Source: Genetic Science Learning Center at the University of Utah. Note: This media asset is not served or maintained by Teachers' Domain.
In this interactive activity from the University of Utah, explore DNA and the role it plays in determining how our bodies function and what traits we have. In all organisms, the instructions for creating cell structures and for driving vital processes such as cell division are encoded in the chemical language of DNA. Take a tour of the basics of genetics and learn about DNA, genes, chromosomes, proteins, and inheritance.
Chromosomes inside the nucleus of nearly every cell are built from long strands of DNA. The ladder-shaped DNA molecule, also called deoxyribonucleic acid, is formed from many smaller molecules called nucleotides. These nucleotides, of which there are four types (usually referred to by the first letter of their chemical name, A, T, C, and G) are repeated in various sequences over and over again—three billion times in a human cell.

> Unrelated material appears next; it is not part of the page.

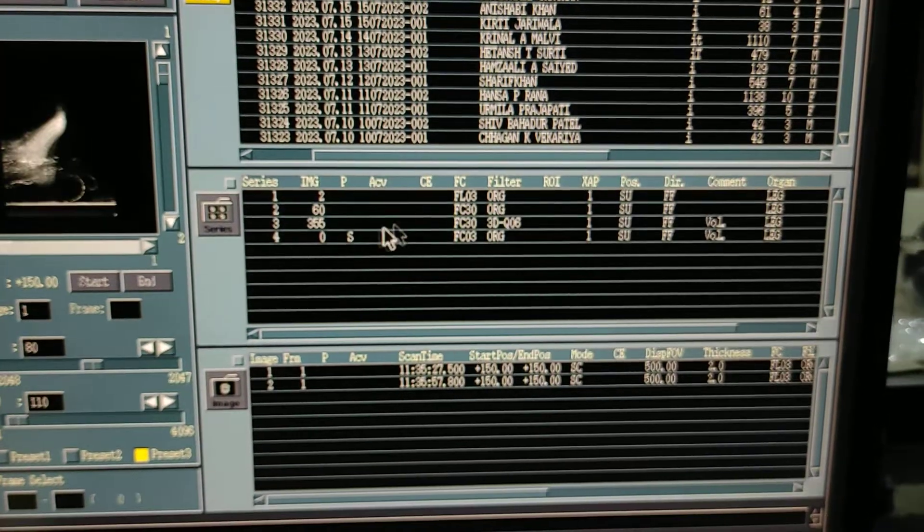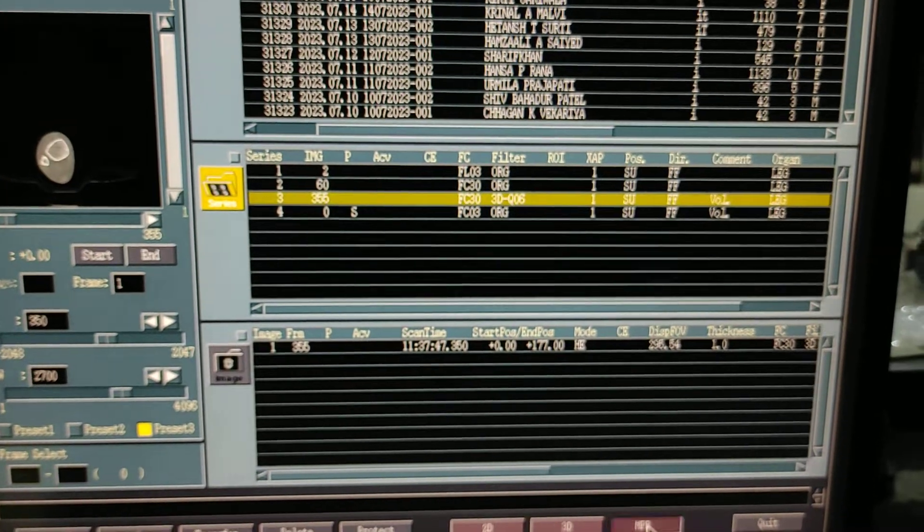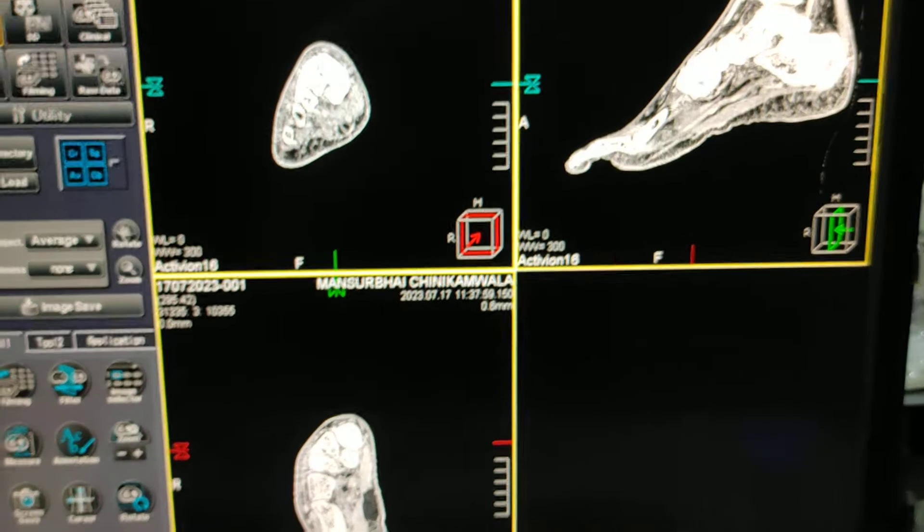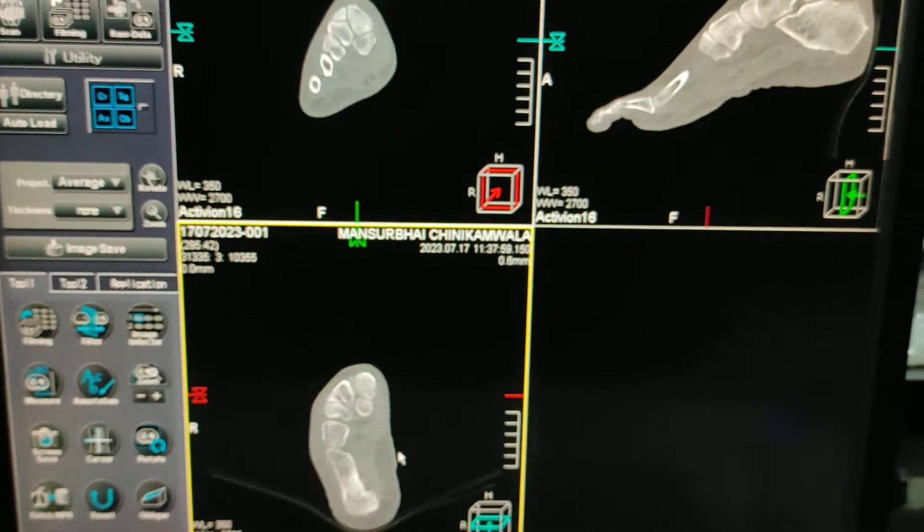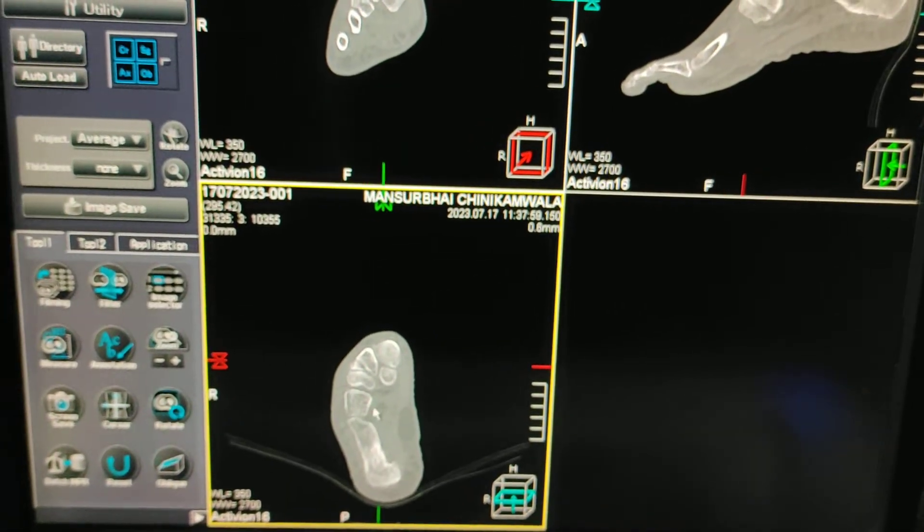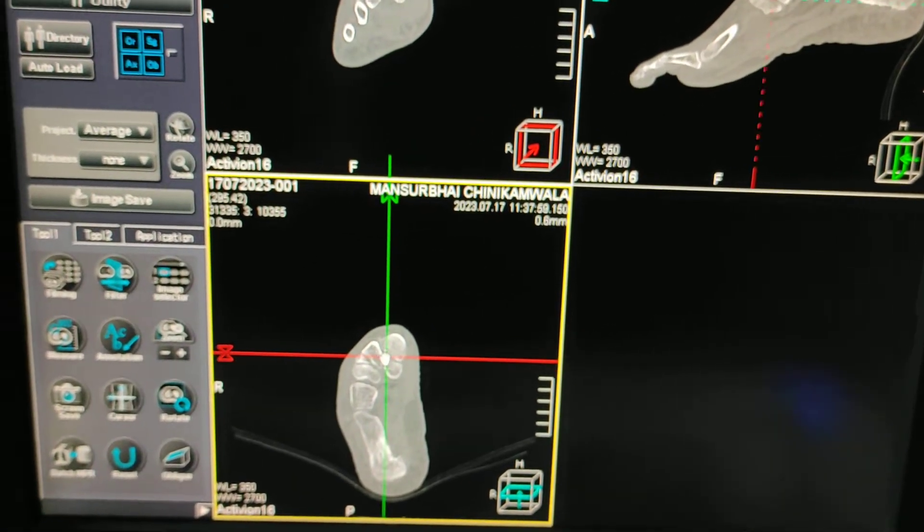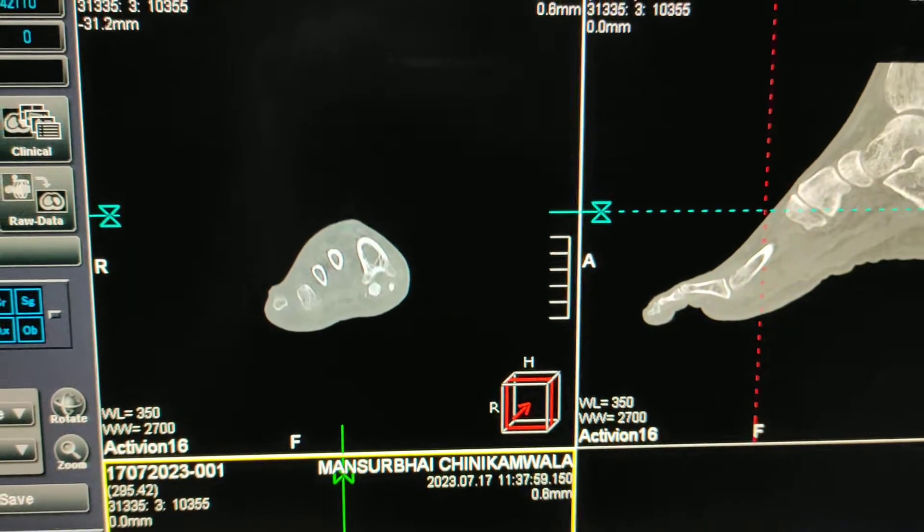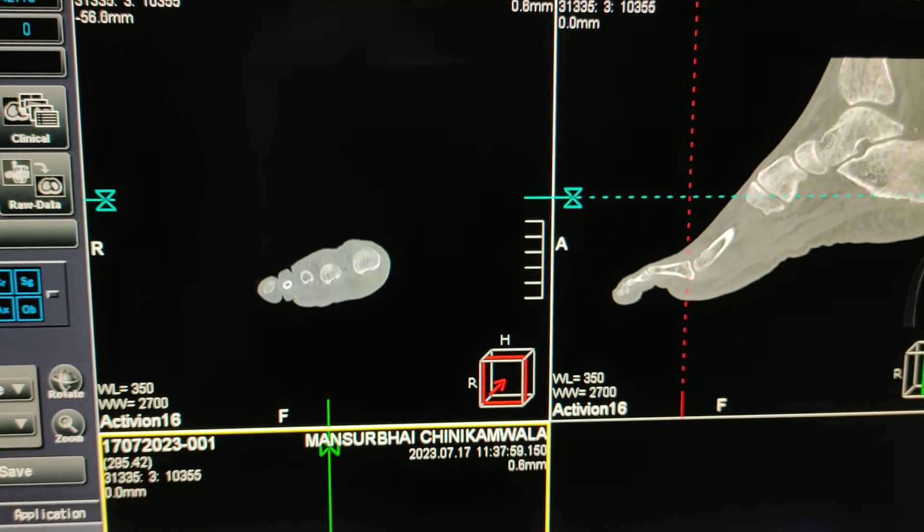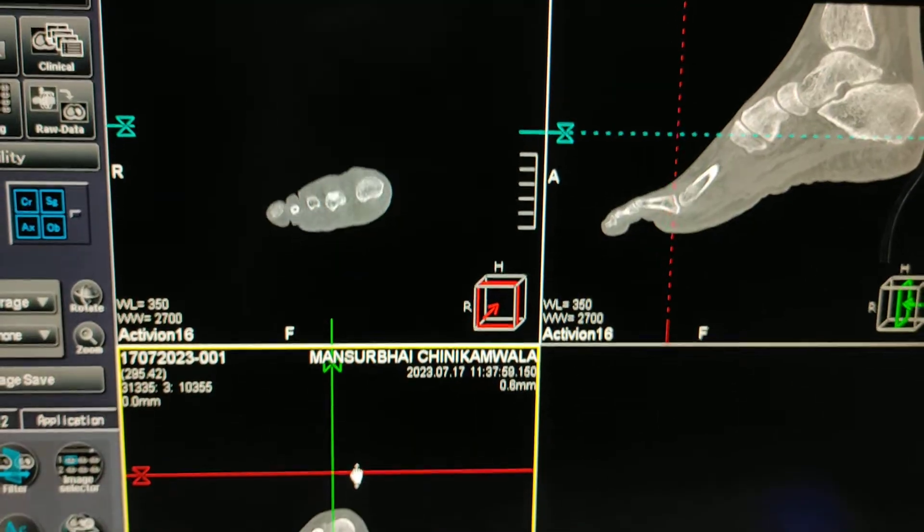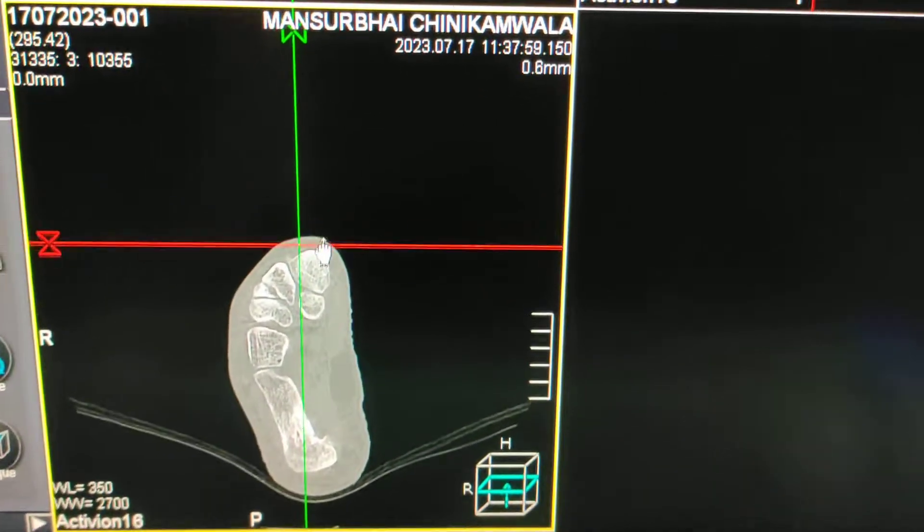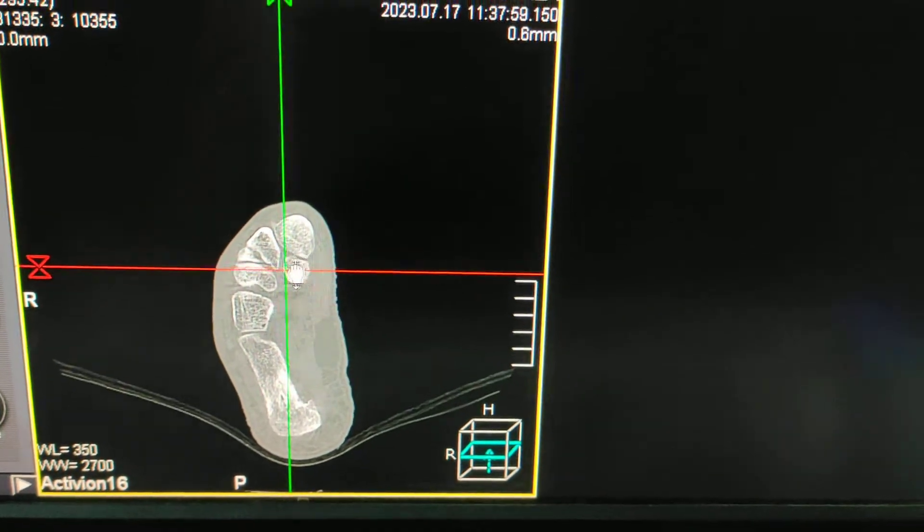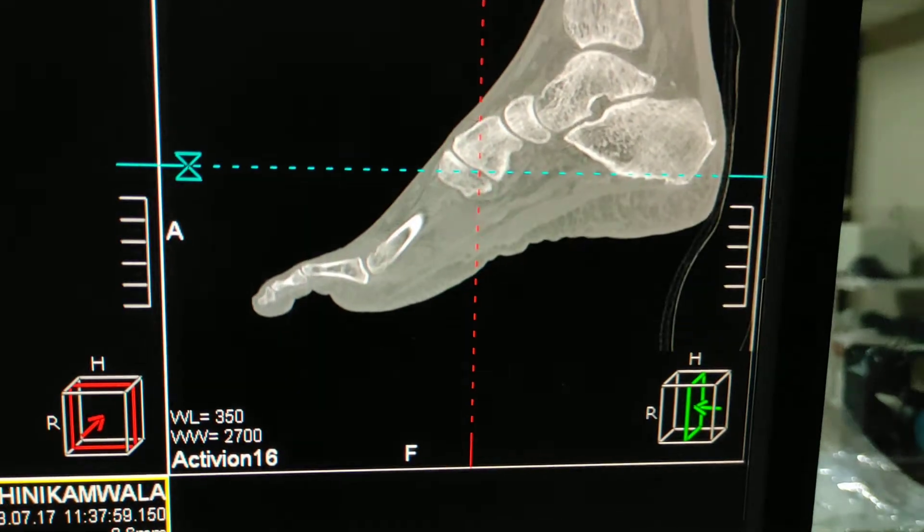I will check the images whether there is movement or not. I am loading in MPR to check the sagittal and coronal images. You can see there is no such motion artifacts. This is a general image.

Genes are specific sequences of nucleotides that provide the code to build particular proteins. An organism's genes and the proteins created from them strongly influence the traits that the organism will ultimately possess. In humans, physical and behavioral characteristics result from the interplay among tens of thousands of proteins and a wide variety of environmental conditions.
Traits that result from a single gene are called Mendelian traits, after Gregor Mendel, the nineteenth-century amateur scientist who first explained genetic inheritance. Mendel studied a variety of traits in pea plants. For example, the pea plants in his study contained genes that produced either yellow or green peas. Alternate forms of another gene in Mendel's pea plants gave rise to either smooth seeds or wrinkled seeds. Studying the inheritance patterns of such simple traits made it possible for Mendel to develop the basic understanding of heredity that would ultimately give rise to modern biology and genetics.
Although most organisms, including humans, possess some traits that are determined by a single gene, we now know that the development of most traits is far more complex than the simple inheritance patterns Mendel described. In humans and in countless other animals, traits such as stature, hair and skin color, temperament, the predisposition to many diseases, and numerous other characteristics are each influenced by multiple genes and a variety of environmental factors. This complexity explains why there is such variety in the living world—a range of sizes, shapes, and colors, rather than a dichotomy of tall and short, black and white, or round and thin.